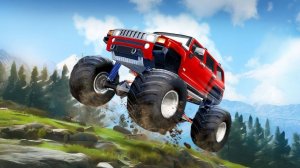 Offroad Climb 4x4 Driving Game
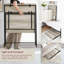 Ajwad Metal Base Writing Desk-1684390098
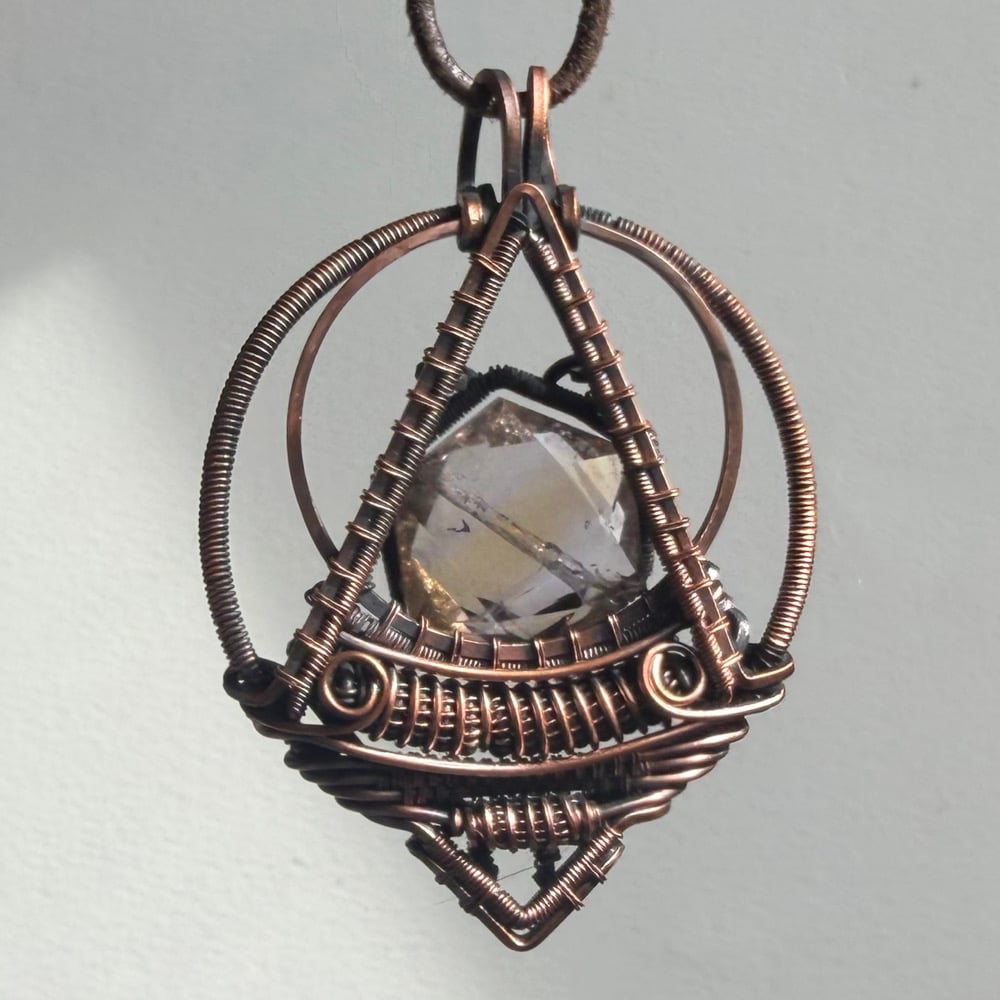 Image of Ametrine Pendant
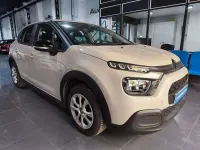 Usado Citroën C3 Feel 102 CV (75 kW) 2022 Beige Utilitario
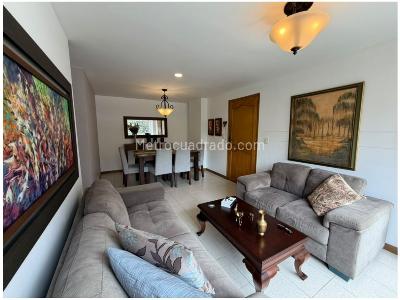 Apartamento de 3 alcobas en venta en Vizcaya, Medellín, 86 m² · foto 3 de 19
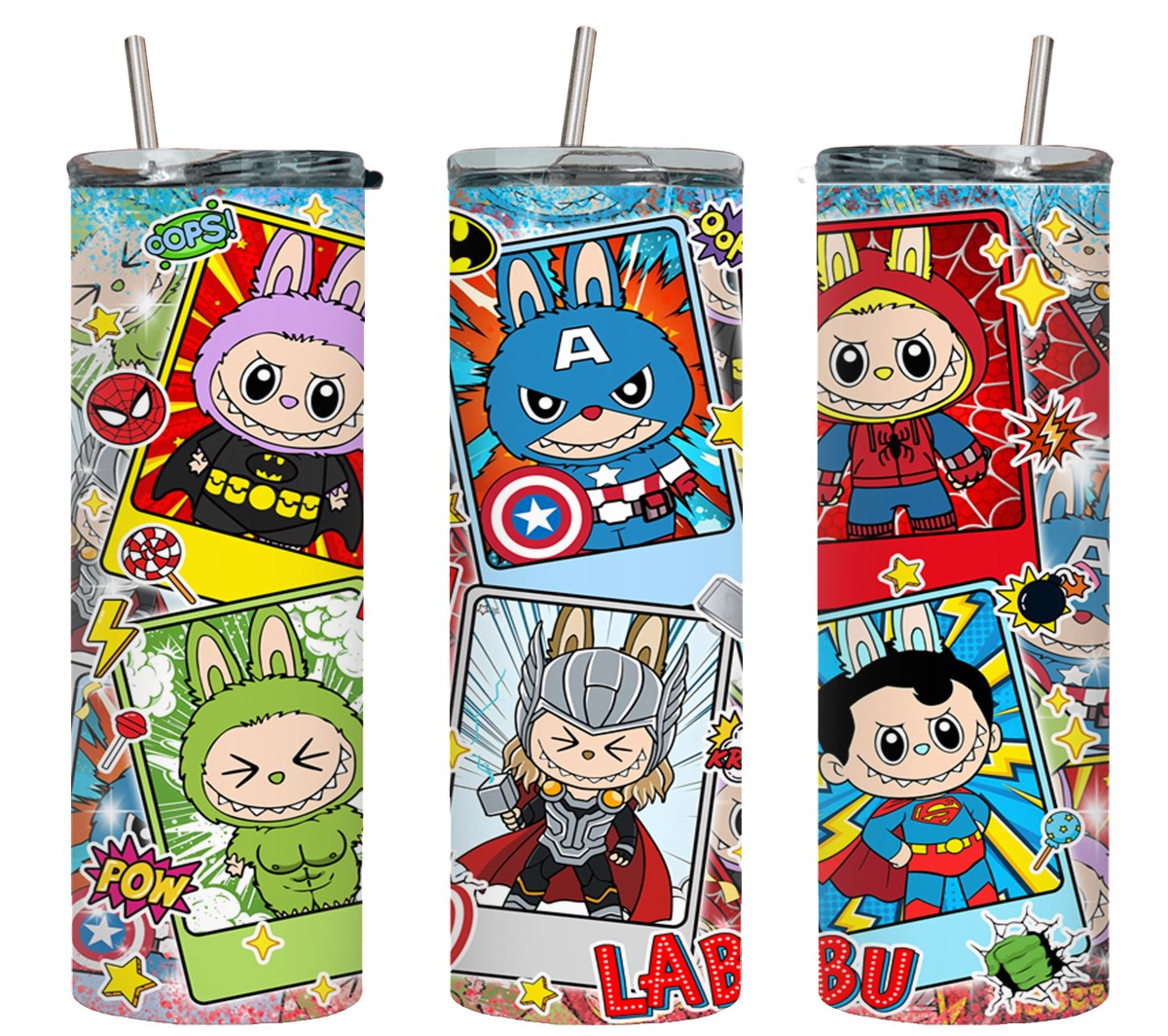 Labubu-10953 - tumbler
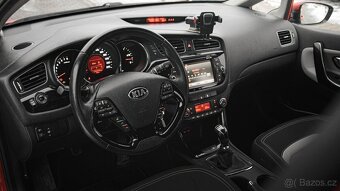 Kia Cee´d, 1,6/99kW Kamera Navigace 1.maj - 7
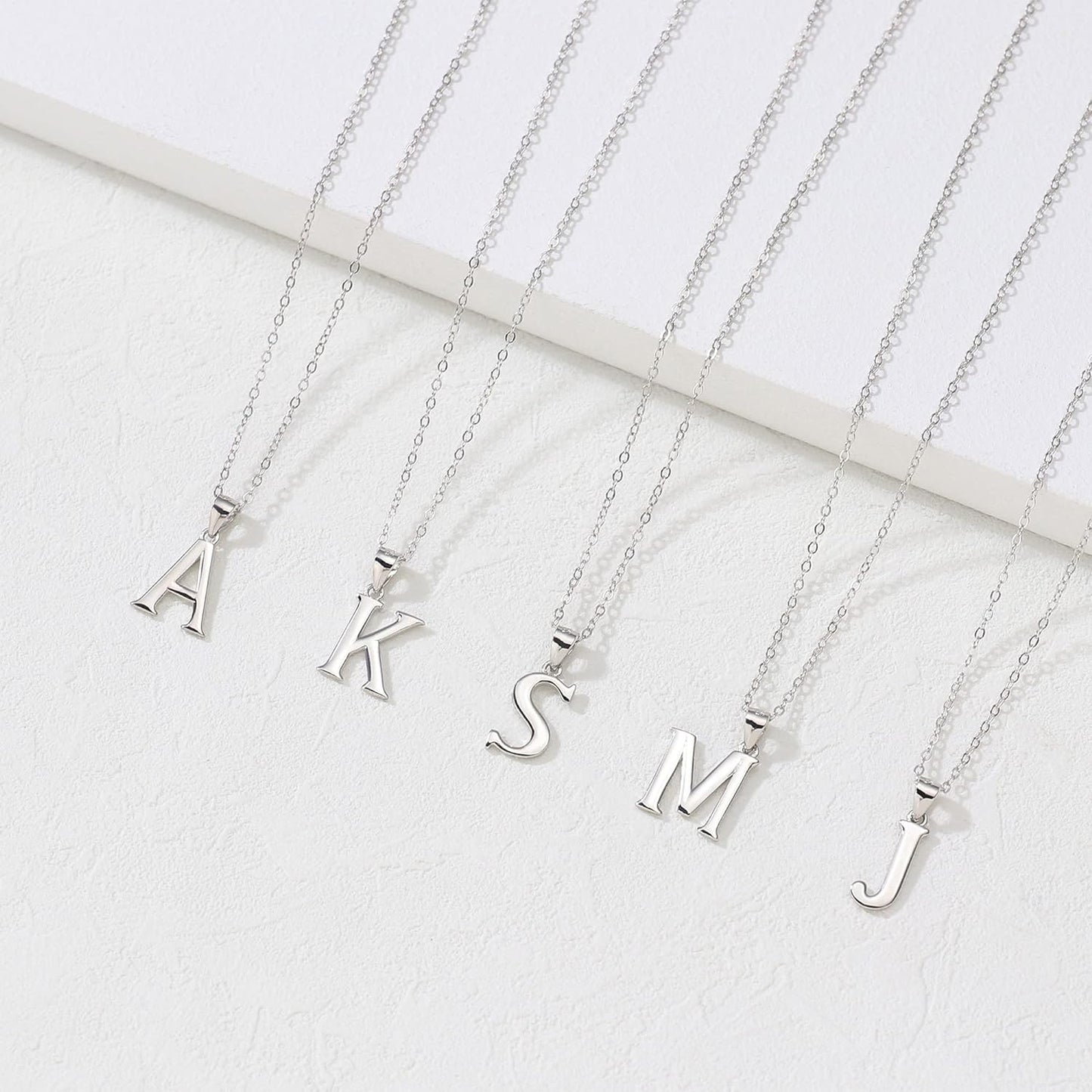 Personalized Sterling Elegance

Exercise description => Without the pictures, retype exactly the lines from the one that holds "Labubu-10953 - tumbler" to the last line of the data above, both of them included.

Task solution =>
 Labubu-10953 - tumbler
 Kia Cee´d, 1,6/99kW Kamera Navigace 1.maj - 7
 Personalized Sterling Elegance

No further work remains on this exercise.